He’s not afraid to throw a little horror into the mix as well.

It’s an exhilarating literary amalgam, made all the more so by the skill with which these elements are tied together. Golden is not merely a good horror writer or a good fantasy writer. He’s a good writer period. And in Strangewood, he utilizes the well-known conventions of different genres to concoct a tale that is unique, exciting, scary, and surprisingly moving.

The novel alternates between our reality and the fantastic Strangewood, and while the real world scenes have the potential to bog down with the redundancy of endless hospital vigils, they never do, primarily because Golden has crafted characters who, even in static situations, have an emotional complexity that keeps us interested and carries us through. The intrusion of this fantasy realm mirrors the problems in the lives of the protagonists, reflecting their inner turmoil, and Golden knows how to utilize the metaphoric possibilities of the situation without turning the story into an academic exercise.
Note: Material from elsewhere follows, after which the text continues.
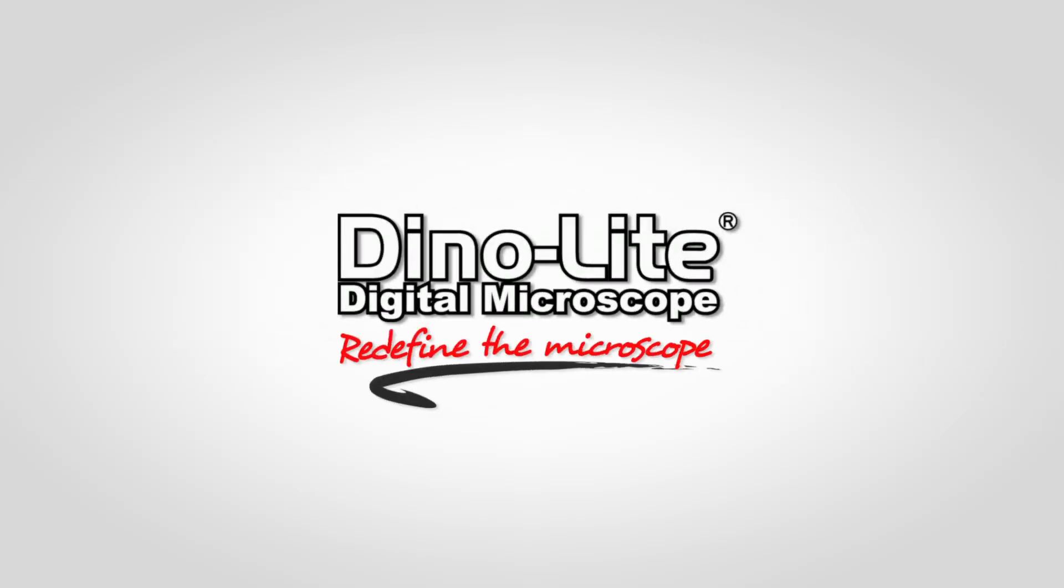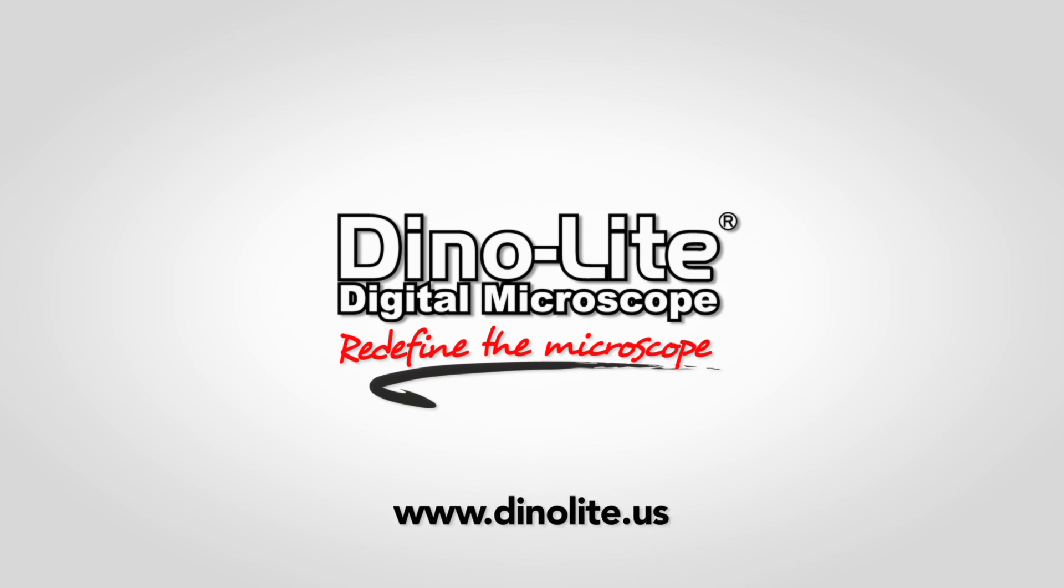For more information visit us at www.dynolite.us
More interestingly, though, the novel shows how children read sinister import into apparently safe and innocent tales — and the attraction that inevitably results. I myself had a picture book as a child that depicted a smiling moon that terrified me. I was afraid of the book but I loved it, and I returned to it again and again and again. Stephen King touched on this subject very effectively in Dark Tower III: The Waste Lands, where a sentient train from one of the characters’ childhood books appears to him as an adult, with all of its previously implied sinister attributes made manifest. Golden does the same thing here, just as effectively, showing us the mind’s dark twist on a happy fictional land, where familiar characters do unfamiliar things, and loyalties are not what one would have thought.

This is where the actions of those religious wackos come into play, for Golden makes a powerful argument for the necessity of fantasy. Children need imagination, they need magic, and, yes, they need to be scared. And if they can’t find what they need in existing pictures or text, well, then they’ll read it into characters and landscapes where it isn’t (A side note: it always amazes me that some people who call themselves Christians can be so shaky in their convictions that they honestly believe their children will eschew the teachings and values that have been ingrained in them since birth after reading one book. Don’t they have more faith in their religion that that? Don’t they have more faith in their kids?).

Strangewood contains a hint of The Talisman, as well as nods to Stephen Donaldson’s Thomas Covenant novels. The Fisher King motif so prevalent in alternate world fantasies also gets a good workout. But, ultimately, it is the strength of Golden’s own voice and his creation of believably complex characters that carry the novel and give it its power. I never do this, but the first time I read the book, I actually found myself looking ahead at one point to learn whether a particular character made it out of a scrape alive. I cannot give higher praise than that — breaking my own reading habits because I was so involved with the story — and I salute Golden for being able to make me do such a thing.

Strangewood is a wonderful book, a significant achievement by a talented writer whose pro-imagination message could not be more timely. Or timeless.